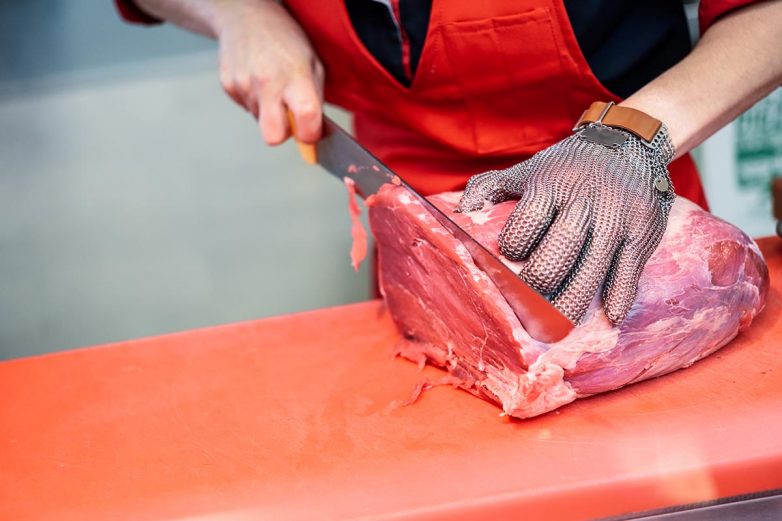 Основные требования к качеству мяса или почему оно может светиться в темноте?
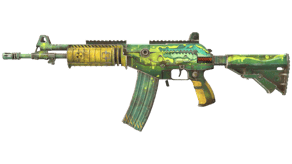 Galigator image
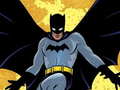 leikur Batman: The Enemy Within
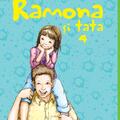 Copertă produs Ramona și tata (Vol. 4) - gallery small 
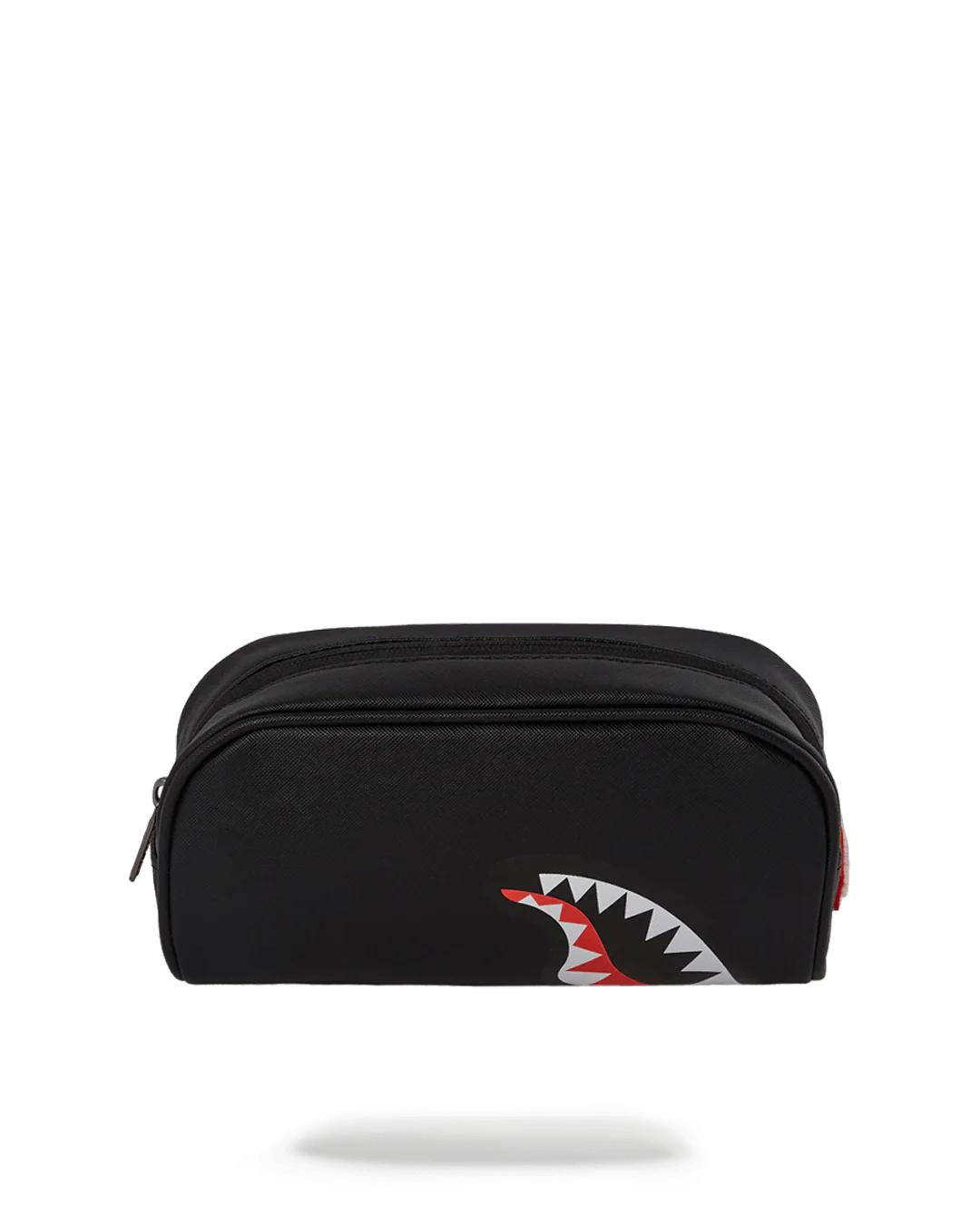 BLACK SHARK MOUTH POUCH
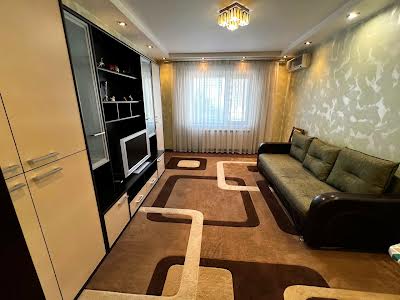 квартира по адресу Архітектора Ніколаєва ул., 15-А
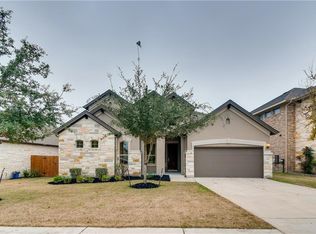 2103 Manada Trl, Leander, TX 78641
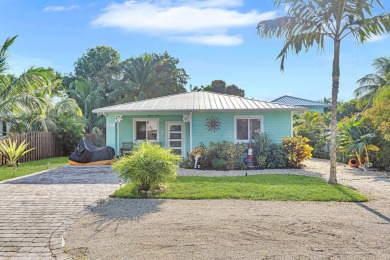 Beach Home For Sale in Key Largo, Florida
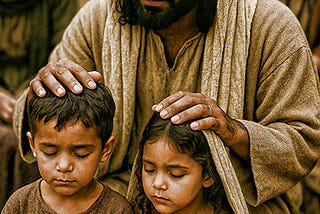 Why Can’t Christians Accept Transgender People Like Jesus Did?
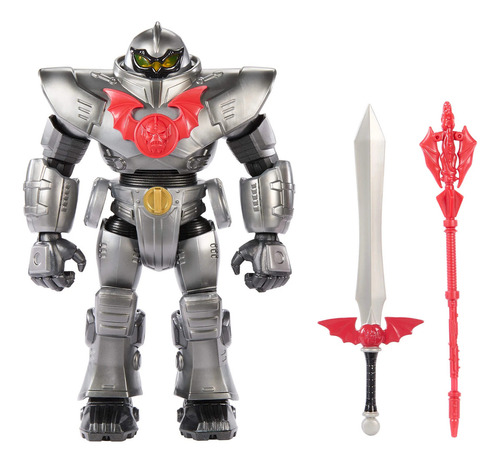 Motu Masterverse New Eternia Oversized Horde Trooper Mattel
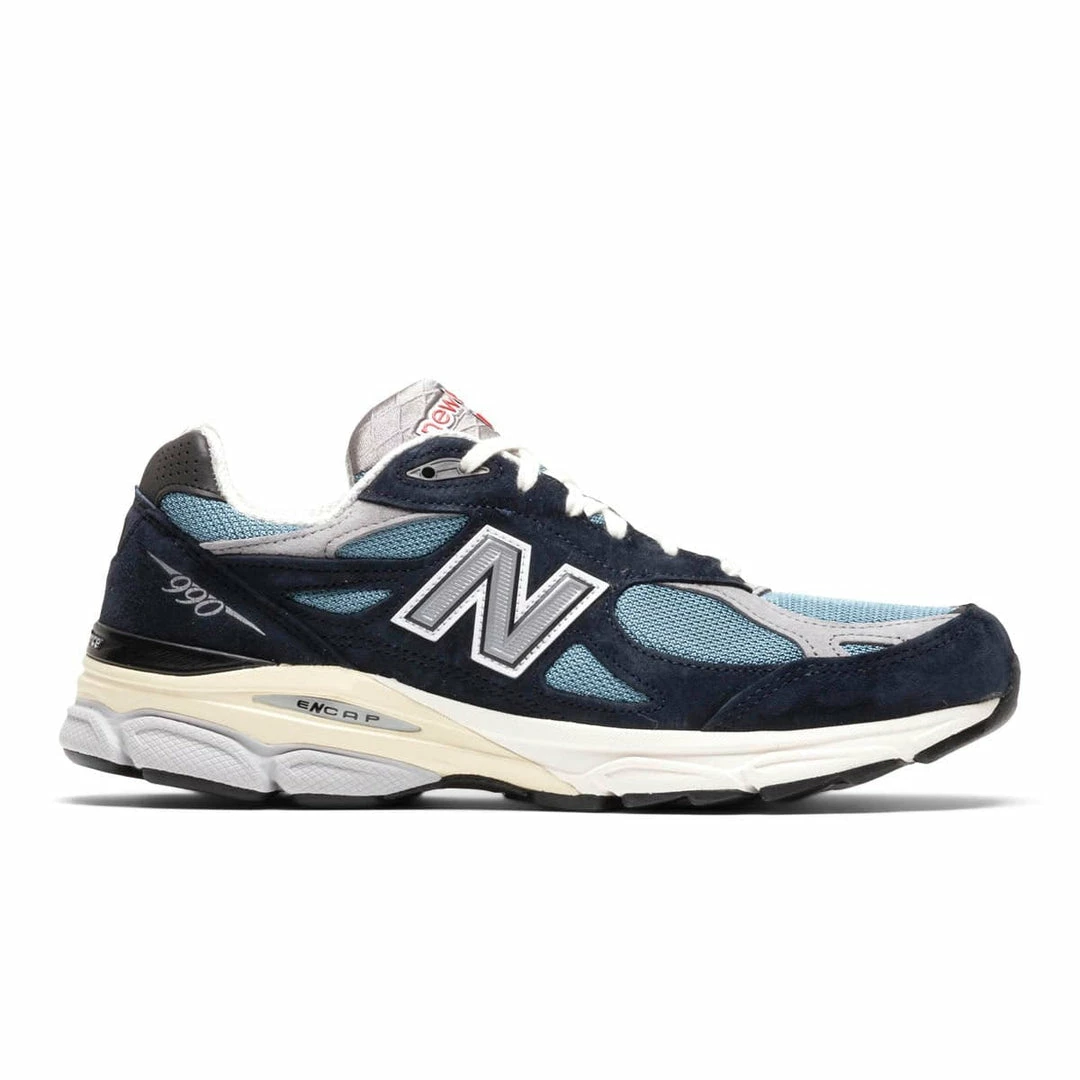Buy π― New Balance MADE IN USA M990TE3 π Sneakers π 3 New Balance MADE IN USA M990TE3 Sneakers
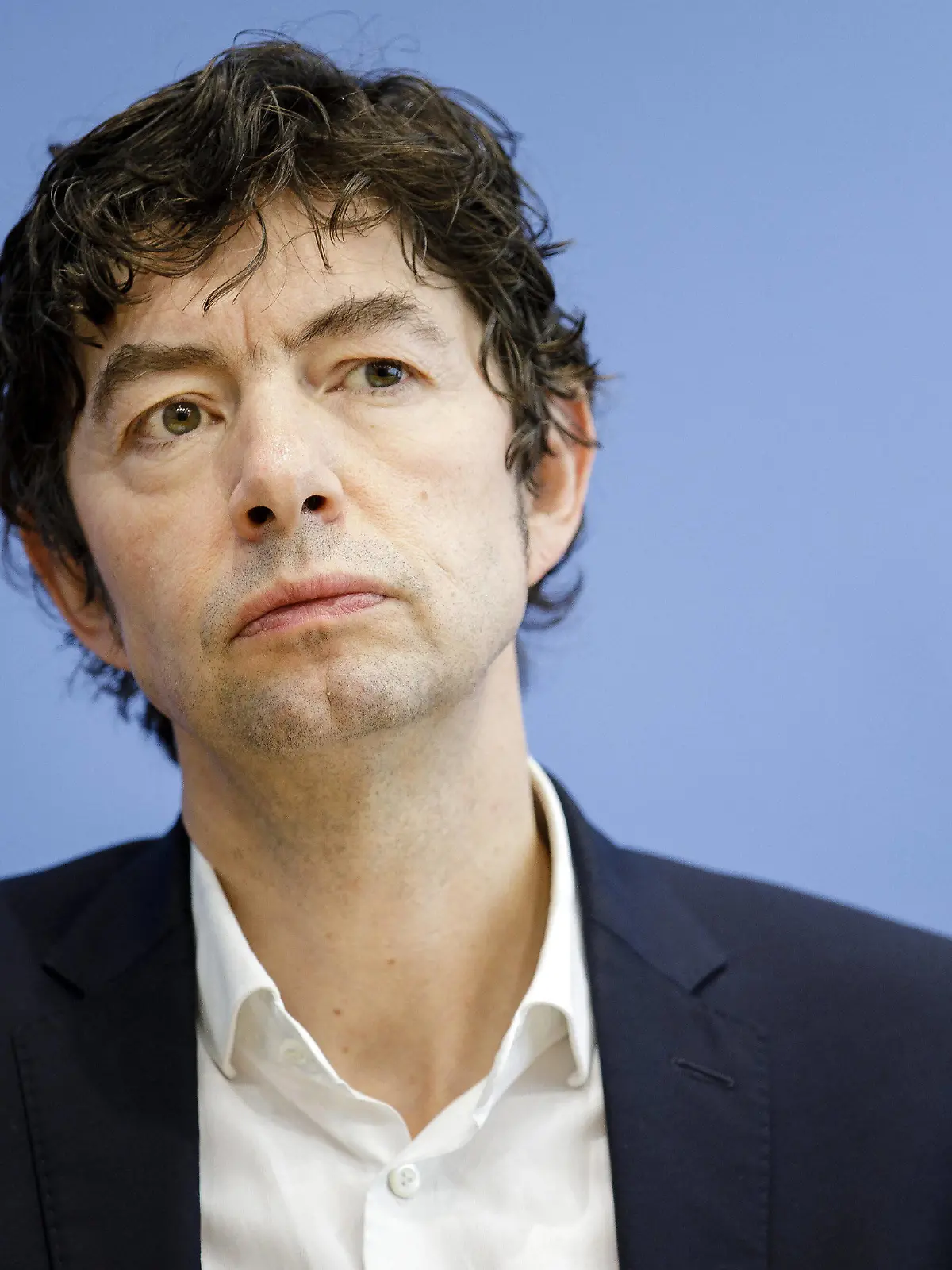 Christian Drosten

= = = =

Type the lines above out again exactly as they appear, skipping every picture.

Written solution:
 Основные требования к качеству мяса или почему оно может светиться в темноте?
 Galigator image
 leikur Batman: The Enemy Within
 Copertă produs Ramona și tata (Vol. 4) - gallery small 
 BLACK SHARK MOUTH POUCH
 квартира по адресу Архітектора Ніколаєва ул., 15-А
 2103 Manada Trl, Leander, TX 78641
 Beach Home For Sale in Key Largo, Florida
 Why Can’t Christians Accept Transgender People Like Jesus Did?
 Motu Masterverse New Eternia Oversized Horde Trooper Mattel
Buy π― New Balance MADE IN USA M990TE3 π Sneakers π 3 New Balance MADE IN USA M990TE3 Sneakers
 Christian Drosten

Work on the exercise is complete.